Content starts
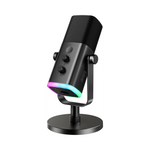 Microphone FIFINE USB/XLR pour PC et gaming noir avec connectiques USB et XLR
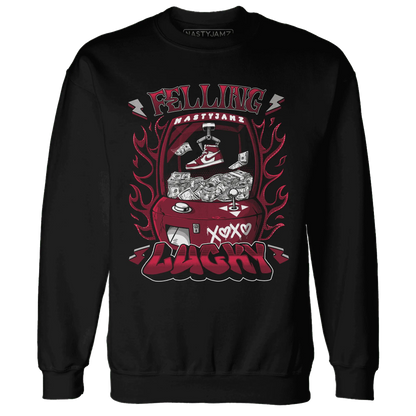 High-White-Team-Red-1s-Sweatshirt-Match-Feeling-Lucky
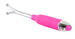 Deluxe csikló stimuláló vibrátor rúd (pink-ezüst) kép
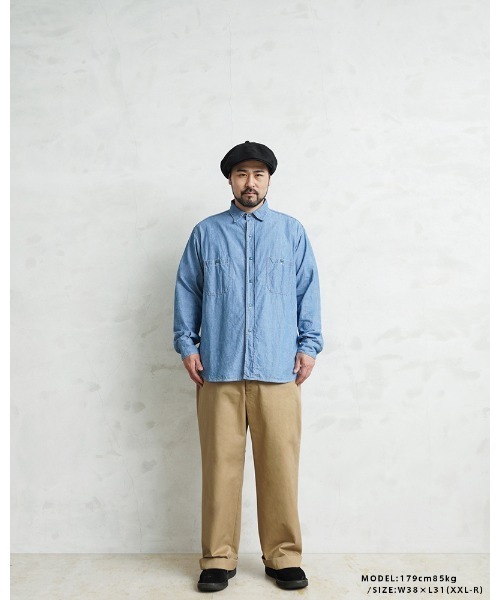 WAIPER.inc(ワイパーインク)の「WAIPER.inc WP1030B M-45 大戦チノ(チノパンツ・メンズ・ベージュ系その他・M-Short/M-Regular/L-Short/L-Regular/XL-Short/XL-Regular)」の18枚目の写真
Content ends
## PROBLEM DETAILS
An exact copy of the material above is required, free of any pictures.

## RESULT
 Microphone FIFINE USB/XLR pour PC et gaming noir avec connectiques USB et XLR
 High-White-Team-Red-1s-Sweatshirt-Match-Feeling-Lucky
 Deluxe csikló stimuláló vibrátor rúd (pink-ezüst) kép
 WAIPER.inc(ワイパーインク)の「WAIPER.inc WP1030B M-45 大戦チノ(チノパンツ・メンズ・ベージュ系その他・M-Short/M-Regular/L-Short/L-Regular/XL-Short/XL-Regular)」の18枚目の写真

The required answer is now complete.